Sam provides a lot of wonderful detail of his tuning process, how it works, the thought process, the tools used, and the tradeoffs involved. Here's a short summary of the steps:
- Using their mini-profiler it was shown that a badge detail page was taking 630.3 ms to load, 298.1 ms of that was spent on SQL queries, and then the tool listed the SQL queries for the page and how long each took.
- From the historical logs, which are stored in HAProxy on a month-by-month basis, Sam was able to determine this page is accessed 26,000 times a day and takes 532ms on average to render. This is too long, yet there are probably higher value problems to be solved, but Google takes speed into account for page rank and Sam thinks this can be done faster.
- Sam noticed:
- There were lots of select queries which Sam calls the N+1 Select Problem.

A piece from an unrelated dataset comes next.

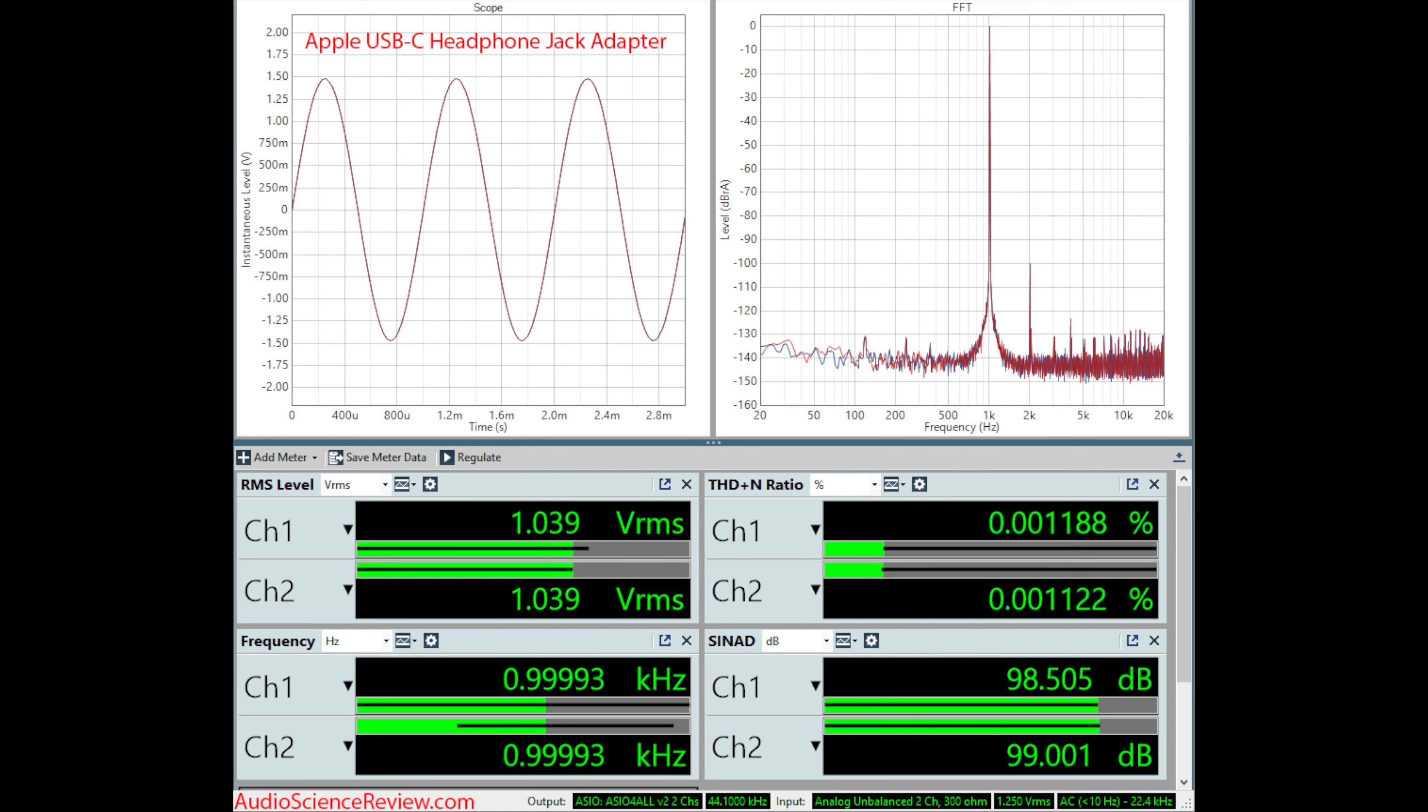And of course people are going to say, oh, the Astell & Kern sounds better. The Apple dongle has a THD plus N ratio at 0.001%. 100% divided by 0.001% gets you 100,000.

There are many individual detail select queries to get all the data for a master record. More details at: Hibernate Pitfall: Why Relationships Should Be Lazy.
- Half the time was spent on the web server.
- There were some expensive queries.
- Performing a code review the code uses a LINQ-2-SQL multi join. LINQ-2-SQL takes a high level ORM description and generates SQL code from it. The generated code was slow and cost a 10x slowdown in production.
- The strategy was to remove the ORM overhead using Dapper, which is a simple .Net object mapper, to rewrite the query. The resulting code is faster and more debuggable. Linq2Sql is being removed from selects, but is still being used for writes on Stack Overflow.
- In production this query was taking too long, so the next step was to look at the query plan, which showed a table scan was being used instead of an index. A new index was created which cut the page load time by a factor of 10.
- The N+1 problem was fixed by changing the ViewModel to use a left join which pulled all the records in one query.
A NoSQLite might counter that this is what key-value database is for. All that data could have been retrieved in one get, no tuning, problem solved. The counter is then you lose all the benefits of a relational database and it can be shown that the original was fast enough and could be made very fast through a simple turning process, so there is no reason to go NoSQL.